L’INVERSIONE DELLA RAPPRESENTANZA
POLITICA
Diradatosi temporaneamente lo smog
elettorale di gennaio, il paesaggio socio-culturale si presenta alla
comprensione politica più nitido di prima. Ciò che emerge è che la società
emiliano-romagnola è… complessa! Ma va!!! In effetti, rispetto all’accesso a
beni, servizi, opportunità offerti dallo Stato e dal mercato, si vedono differenze e ineguaglianze tra la
metropoli e le province, tra le città-capoluogo e i paesi, tra i centri urbani
e il contado, tra la pianura e la montagna, tra i centri e le periferie, tra
gli istruiti e meno istruiti, tra gli occupati e disoccupati, tra i giovani e
anziani, tra gli indigeni e gli immigrati: un’articolazione sociale tipica di
tutto l’Occidente.
La novità riguarda la
rappresentazione politica di tale complessità. Per quanto concerne la parte
italiana dell’Occidente, una volta vi funzionava una “reductio ad duo”: da una
parte l’anti-comunismo/a-comunismo, dall’altra il pro-comunismo e il
pre-comunismo. Erano due bacini robusti, catafratti da categorie ideologiche,
ma, soprattutto, geo-politiche. Dopo l’89 si sono sbriciolati, le acque si sono
mischiate. Dal 1994, l’anno di Berlusconi, la base sociale della rappresentanza
ha incominciato a modificarsi; dopo la crisi del 2007/2008 il mutamento è
diventato radicale.
Questo ha prodotto un’inversione a 180
gradi della rappresentanza: la destra ha cessato di essere “il partito dei padroni”, come da vulgata,
mentre la sinistra ha
cessato di essere “il partito dei lavoratori”, come da vulgata. E’

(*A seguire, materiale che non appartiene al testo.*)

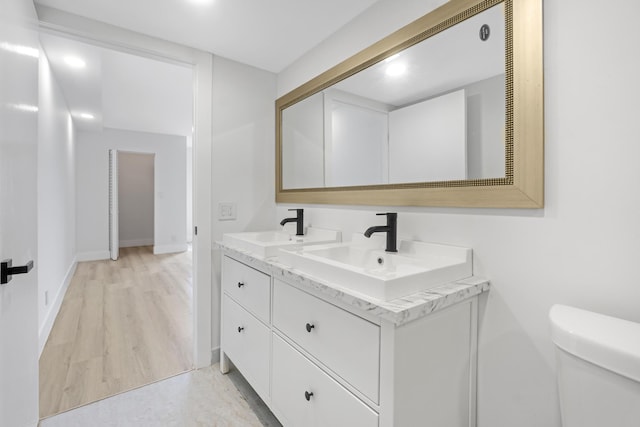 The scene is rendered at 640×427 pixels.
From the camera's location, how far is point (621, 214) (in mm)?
816

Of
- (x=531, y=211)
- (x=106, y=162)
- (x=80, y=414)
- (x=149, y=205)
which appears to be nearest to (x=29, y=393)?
(x=80, y=414)

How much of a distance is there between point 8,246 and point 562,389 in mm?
1696

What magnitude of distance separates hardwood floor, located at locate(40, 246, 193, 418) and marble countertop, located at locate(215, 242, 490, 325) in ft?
4.76

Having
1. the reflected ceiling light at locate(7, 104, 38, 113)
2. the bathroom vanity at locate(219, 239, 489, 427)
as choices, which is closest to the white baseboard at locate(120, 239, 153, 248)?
the reflected ceiling light at locate(7, 104, 38, 113)

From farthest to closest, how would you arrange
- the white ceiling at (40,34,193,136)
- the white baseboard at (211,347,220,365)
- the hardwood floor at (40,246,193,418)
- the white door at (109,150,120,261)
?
1. the white door at (109,150,120,261)
2. the white ceiling at (40,34,193,136)
3. the white baseboard at (211,347,220,365)
4. the hardwood floor at (40,246,193,418)

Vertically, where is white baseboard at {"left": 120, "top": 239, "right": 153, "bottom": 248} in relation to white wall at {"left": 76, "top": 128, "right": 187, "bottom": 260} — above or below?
below

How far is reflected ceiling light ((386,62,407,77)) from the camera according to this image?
55.5 inches

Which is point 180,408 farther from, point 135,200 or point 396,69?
point 135,200

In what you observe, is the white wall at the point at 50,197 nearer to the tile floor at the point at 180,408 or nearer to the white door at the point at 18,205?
the tile floor at the point at 180,408

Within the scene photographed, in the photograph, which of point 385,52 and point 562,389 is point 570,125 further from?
point 385,52

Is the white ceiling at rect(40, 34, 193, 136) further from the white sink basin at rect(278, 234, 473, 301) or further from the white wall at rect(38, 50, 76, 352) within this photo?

diventata il partito dei “ricchi”: gli ZTL, i professionisti, i tecnocrati, gli
istruiti, i ceti medi riflessivi, i detentori di “capitale umano” e di
“capitale semantico” – per quest’ultimo, vedasi alla voce “Sardine”-.
Se Berlusconi era riuscito a conquistare
il voto dei pensionati, che stavano/stanno inchiodati per ore davanti ai Canali
di Mediaset, Salvini e la Meloni attirano ormai il voto degli operai, degli
artigiani, dei “provinciali”, del “contado”, delle periferie. Gli “inclusi”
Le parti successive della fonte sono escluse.